Un système longtemps vulnérable
Selon Matar Ndao, l’une des principales faiblesses réside dans le fonctionnement historique du système d’état civil, longtemps basé sur des registres physiques, avec des procédures insuffisamment harmonisées.
À cela s’ajoute l’utilisation, selon l’ANEC, de différentes solutions informatiques d’une commune à l’autre, avec des bases de données qui n’étaient pas toujours suffisamment maîtrisées. Ces failles ont pu créer des espaces favorables aux manipulations et aux falsifications.
Des agents insuffisamment formés
Le directeur général de l’ANEC pointe également la situation de certains agents chargés de l’état civil. Il évoque notamment un manque de formation, ainsi que des conditions de travail et de rémunération qui ne seraient pas toujours à la hauteur des responsabilités qui leur sont confiées.
Ces vulnérabilités peuvent favoriser certaines pratiques frauduleuses, notamment celles liées à l’usurpation ou au détournement d’identité.
Les réseaux organisés dans le viseur
Les récentes affaires montrent toutefois que la fraude ne se limite pas à de simples erreurs administratives. Plusieurs enquêtes ont permis de mettre au jour des réseaux structurés, impliquant parfois des personnes travaillant directement dans les services d’état civil.
À Marsassoum, par exemple, une enquête avait révélé un système organisé de fabrication de faux documents, tandis qu’à Dakar, la Sûreté urbaine a démantelé en mai 2026 un réseau présumé de falsification de documents d’état civil.
La digitalisation comme réponse
Face à ces difficultés, l’ANEC mise notamment sur la modernisation et la digitalisation de l’état civil. Lors d’une mission à Marsassoum en janvier dernier, Matar Ndao avait déjà relevé plusieurs dysfonctionnements, notamment le manque de personnel qualifié et l’absence d’un logiciel certifié pour la numérisation et l’archivage.

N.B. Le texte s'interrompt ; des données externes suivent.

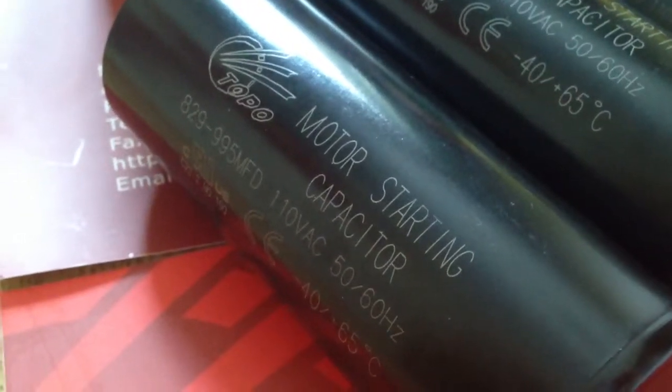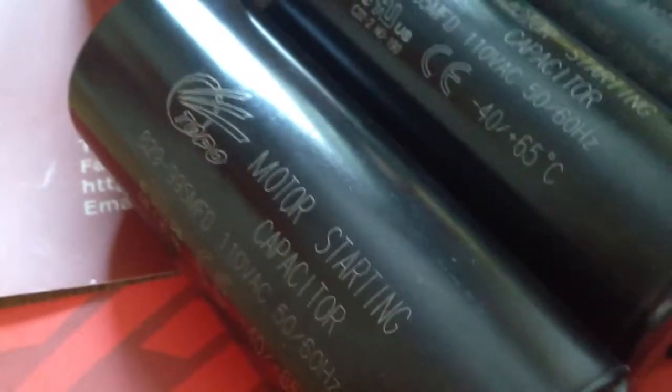Hello, I'm Ken. We are a manufacturer of motor capacitors in China. Today I will give a brief introduction to our start capacitors.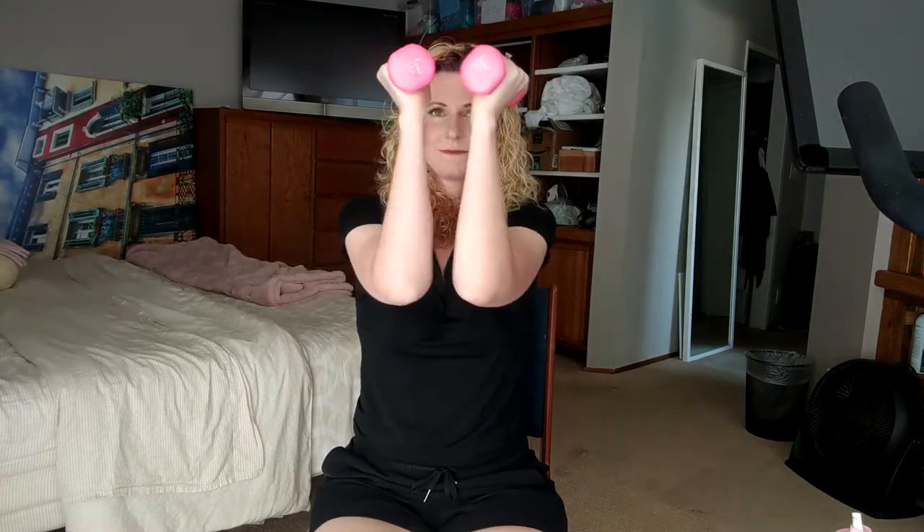Now I want you to bring your dumbbells up to your face, elbows close, and we're going to do open shut. Open, shut — again we're going to be squeezing the shoulder blades and really try to touch the elbows as much as you can. I feel the shoulder burn already. Think those light dumbbells aren't going to do much, but they do. Try not to let your elbows drop, keep them up. Last three, two, and one — good.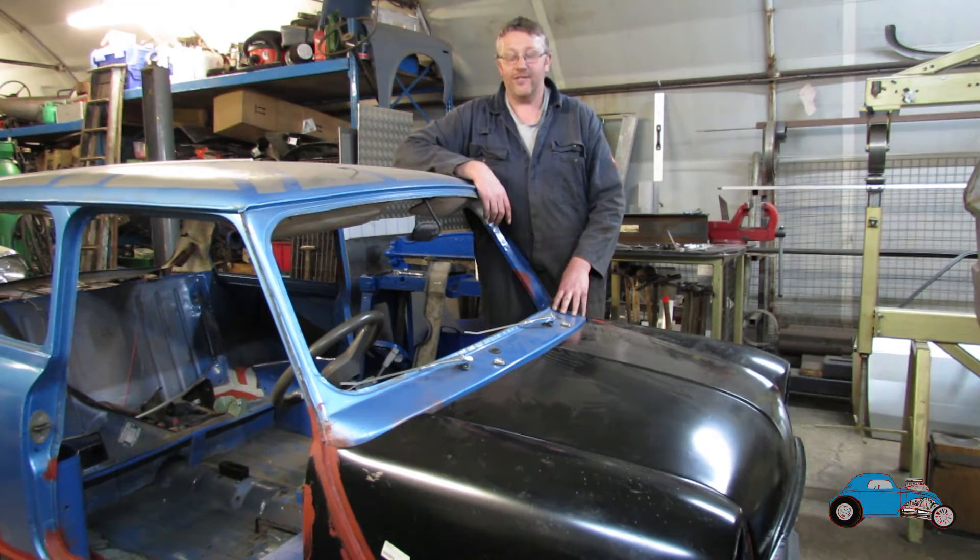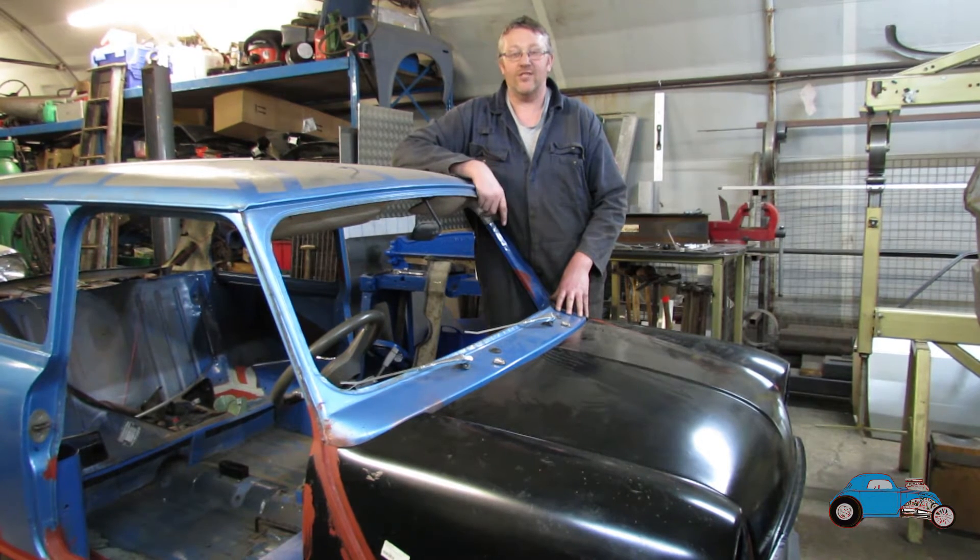Hi, welcome to the workshop. Thanks for joining us. This is Part 2 of the mini restoration. In this video we're going to show fitting the floor pan and the inner wings, and getting the floor and everything all tied up. We'll show that in this video. I hope you enjoy. Don't forget to subscribe to our channel — we appreciate your support.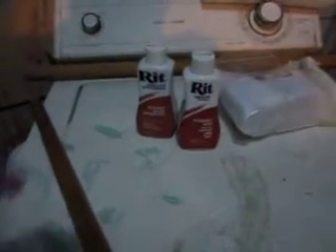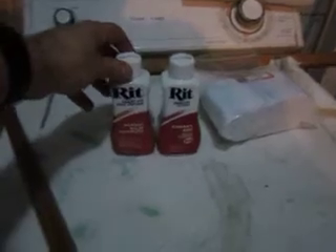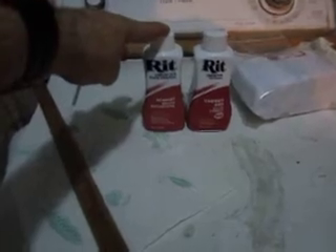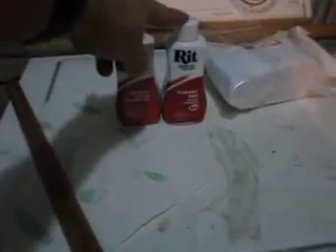Hello YouTube. Today's presentation is going to cover the finished product as far as sanding is concerned. I have before me two bottles of RIT liquid dye — scarlet red on the left and cherry red on the right.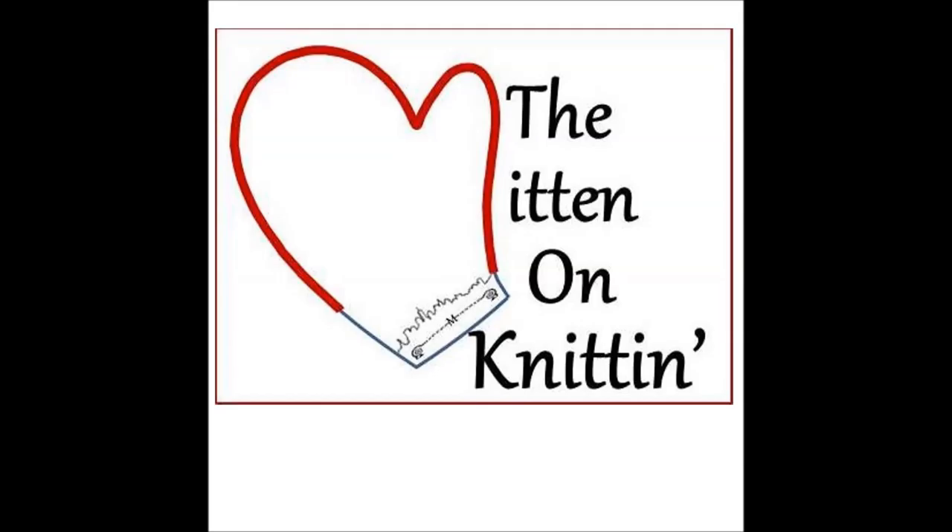Thanks for joining us this week. We hope you enjoyed the show and we'll talk to you next week. Bye-bye!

L’objectif est de sécuriser davantage les données, harmoniser les procédures et réduire les possibilités de falsification.
Au final, les « vrais coupables » ne se résument donc pas à une seule catégorie : les autorités mettent en avant les failles anciennes du système, le manque de formation et de moyens, mais aussi l’existence de réseaux organisés et de complicités présumées.
La lutte contre la fraude à l’état civil apparaît désormais comme un enjeu majeur pour la sécurité administrative et la fiabilité des documents officiels sénégalais.